● **Available data**
- - -

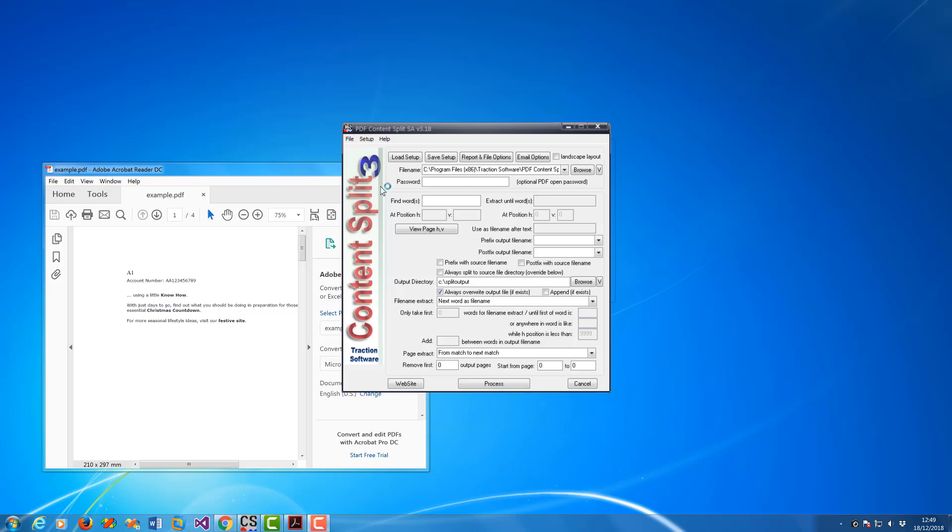Hi, how to split a PDF using a specific position on the PDF. I want to take any text in that position as a file name and then split it by each change.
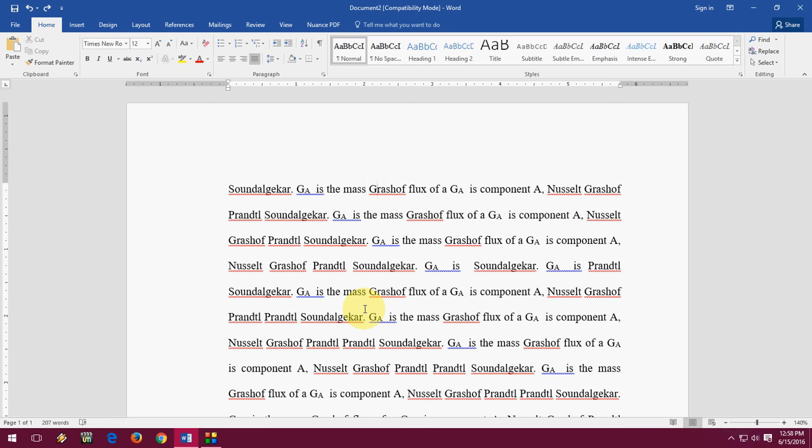So this is the way to remove or hide lines from your Word document, grammar lines from your Word document. Thank you for watching. See you in the next video. Please like, share, and subscribe. Thank you.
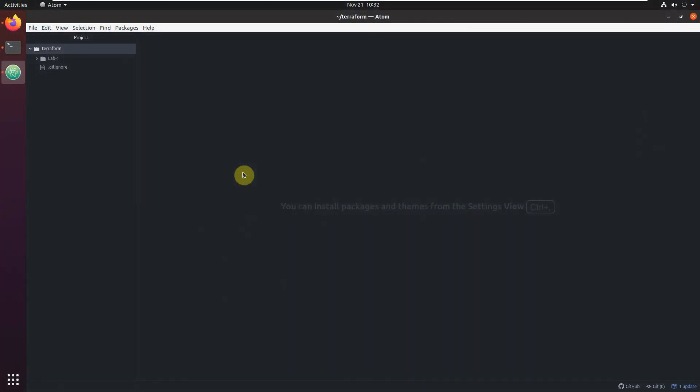In this lesson I will show you how to work with Google Cloud Platform. It will be only one simple example — we will bring up a Google virtual machine instance.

- - -

● **Prompt**
An exact copy is needed of only the lines from the top of the material through the line with "So this is the"; no pictures belong in it.

● **Response to the task**
Hi, how to split a PDF using a specific position on the PDF. I want to take any text in that position as a file name and then split it by each change.
So this is the way to remove or hide lines from your Word document, grammar lines from your Word document. Thank you for watching. See you in the next video. Please like, share, and subscribe. Thank you.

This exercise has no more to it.